* _Requirement_
Return the following lines and nothing else: the one holding "Next Level Apparel" and all those after it in the records below, unchanged, minus any pictures.

* _Data listing_
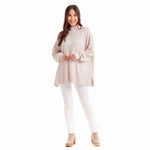 Milo Ribbed Sweater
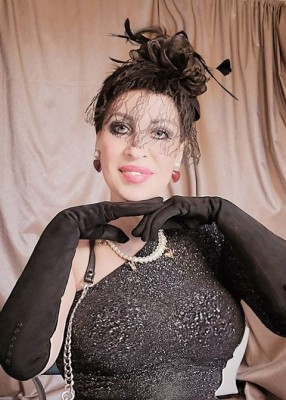 Проститутка Кэт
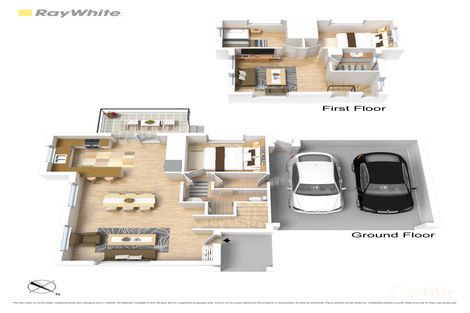 23/65-67 Tootal Rd, Dingley Village, VIC 3172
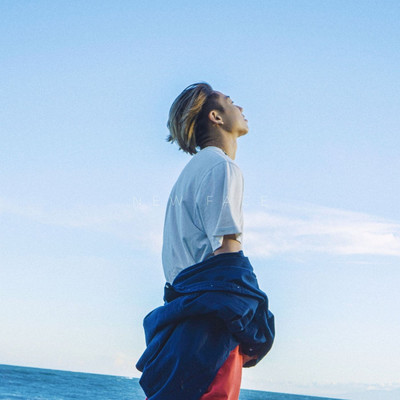 NEW FACE Front Cover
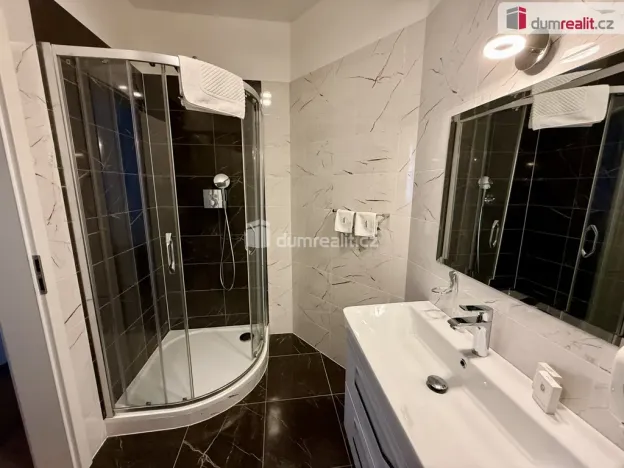 Pronájem bytu 3+1, Mariánské Lázně, Ibsenova, 125 m2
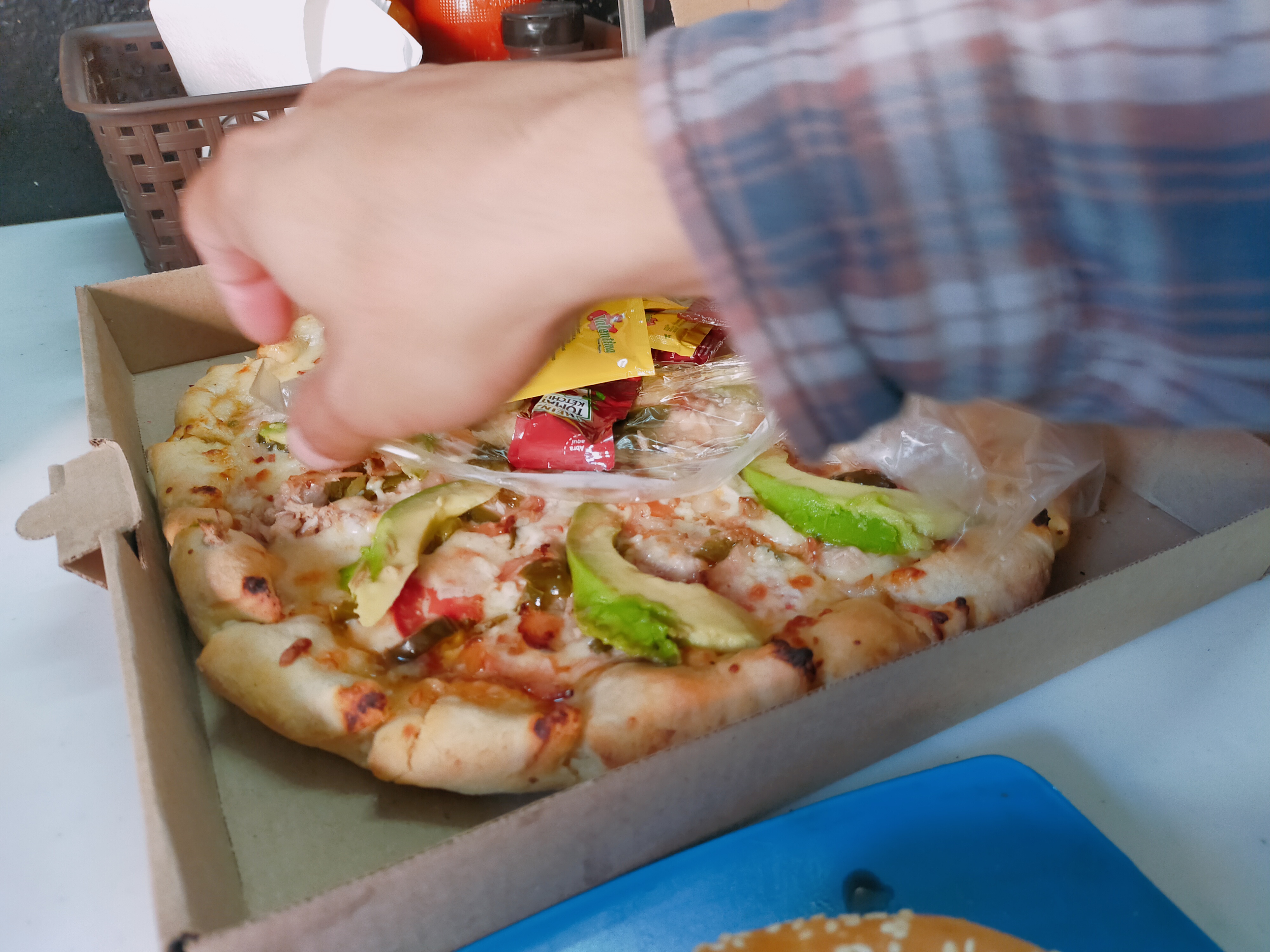 Ruth's pizzeria image 2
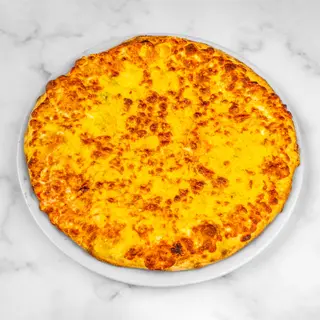 Pizza Cztery sery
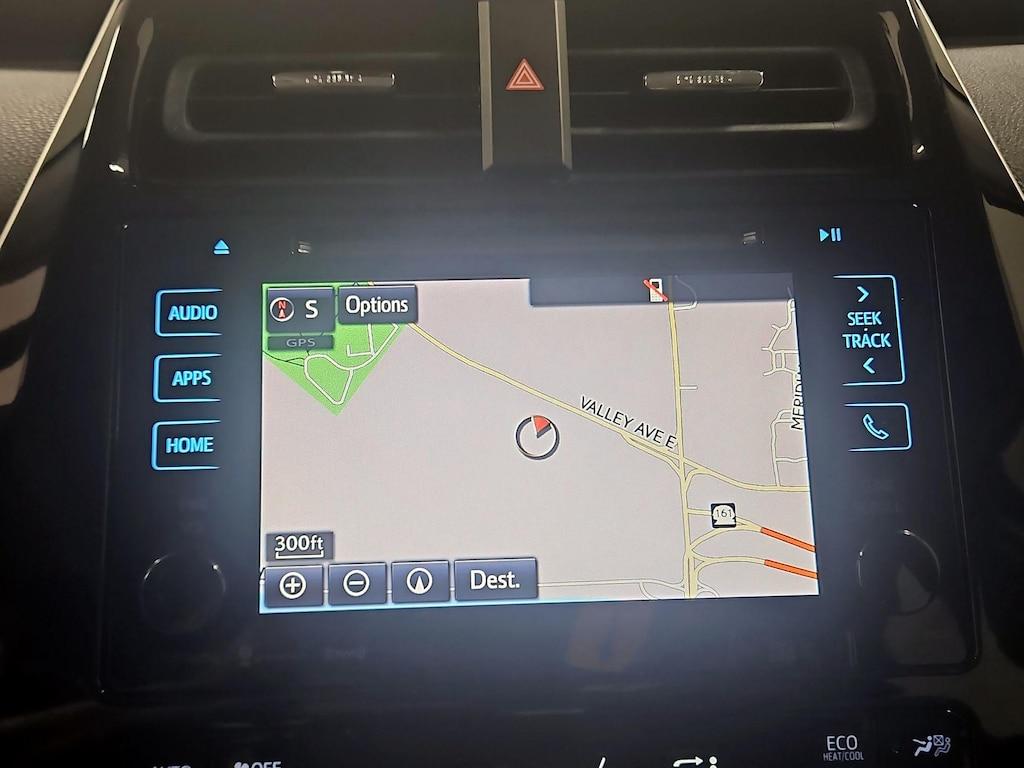 used 2016 Toyota Prius car, priced at $21,998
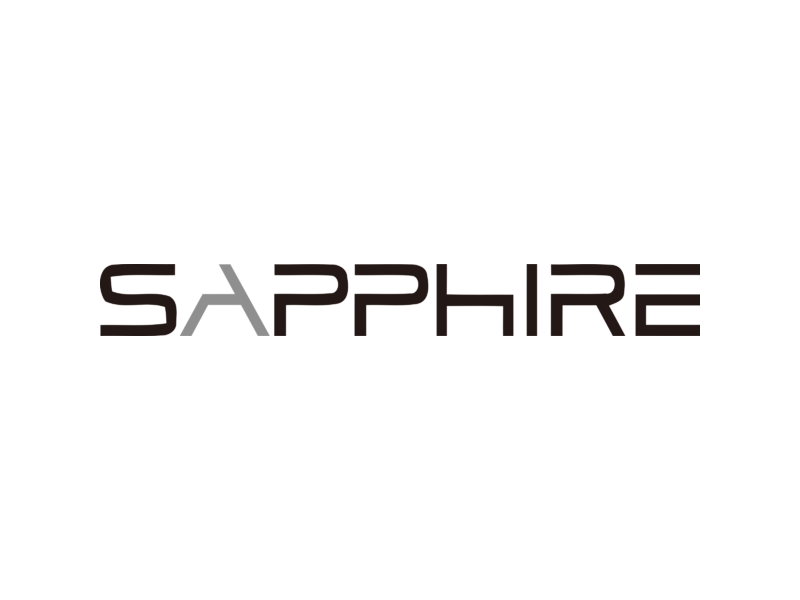 Logo de SAPPHIRE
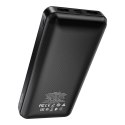 Powerbank Hoco J72A Easy (czarny)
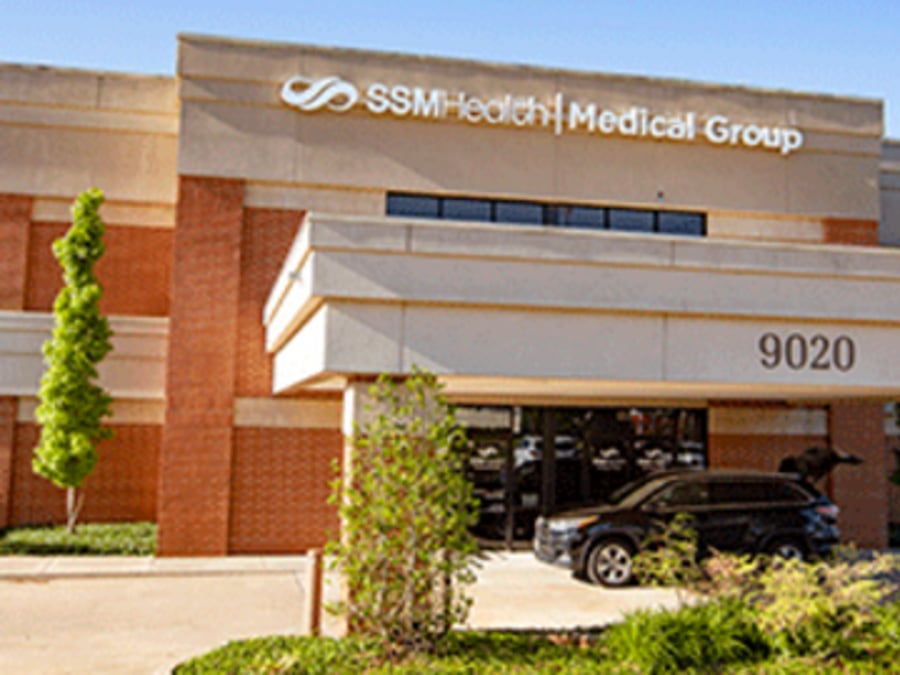 SSM Health Medical Group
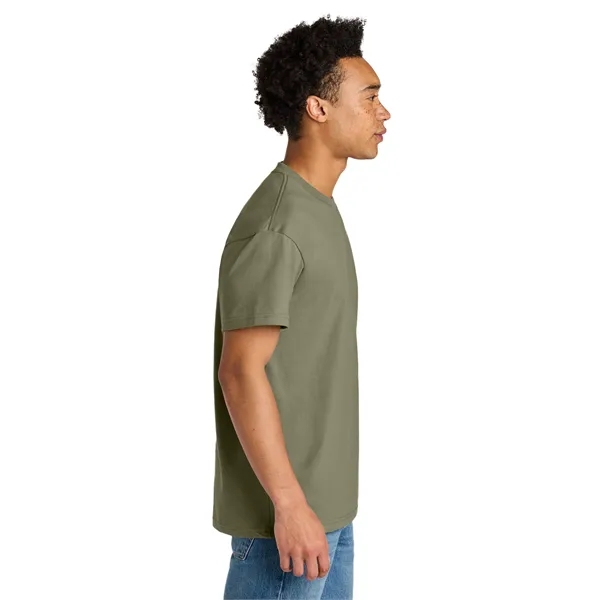 Next Level Apparel Heavyweight Tee... from ASI 84863 SanMar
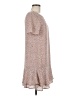 Copper Key 100% Polyester Brown Casual Dress Size M - photo 4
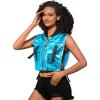 Blue Vest 04-419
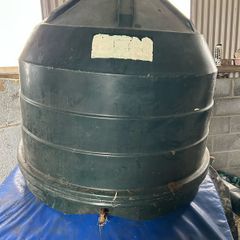 oil tank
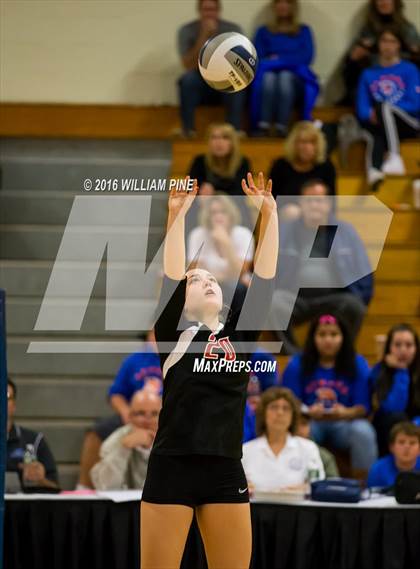 Thumbnail 3 in Tuxedo vs. SS Seward (Section 9 Class D Final) photogallery.
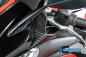 Preview: wind deflektor on the top fairing left side gloss RSV4 from 2021
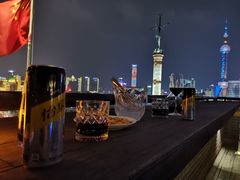 -外滩8号 whisky bar(金延大厦店)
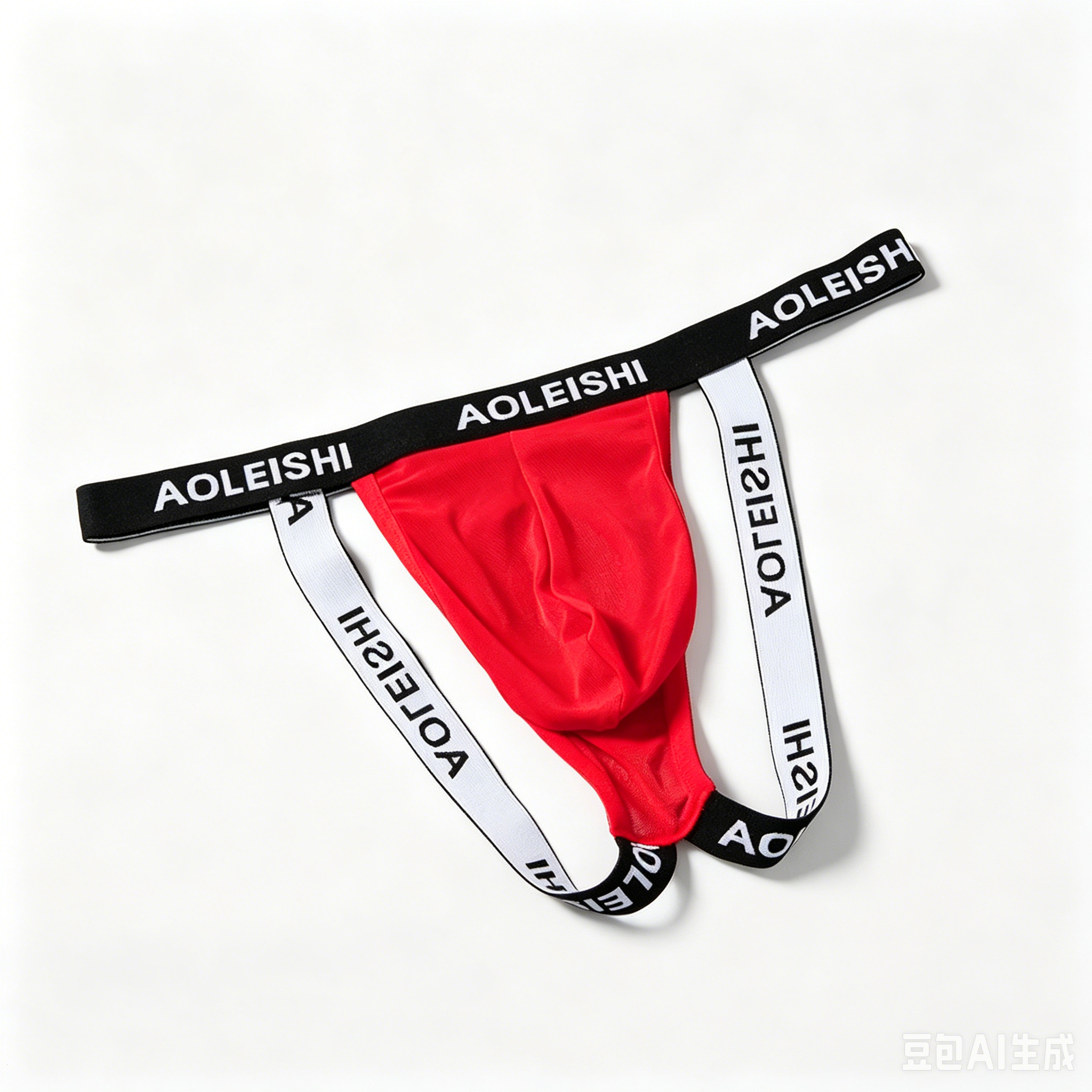 Sheer Mesh Jockstrap for Men B - Men'S Fashion Underwear Brands 评论和价格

* _Task solution_
 Next Level Apparel Heavyweight Tee... from ASI 84863 SanMar
 Copper Key 100% Polyester Brown Casual Dress Size M - photo 4
 Blue Vest 04-419
 oil tank
 Thumbnail 3 in Tuxedo vs. SS Seward (Section 9 Class D Final) photogallery.
 Preview: wind deflektor on the top fairing left side gloss RSV4 from 2021
 -外滩8号 whisky bar(金延大厦店)
 Sheer Mesh Jockstrap for Men B - Men'S Fashion Underwear Brands 评论和价格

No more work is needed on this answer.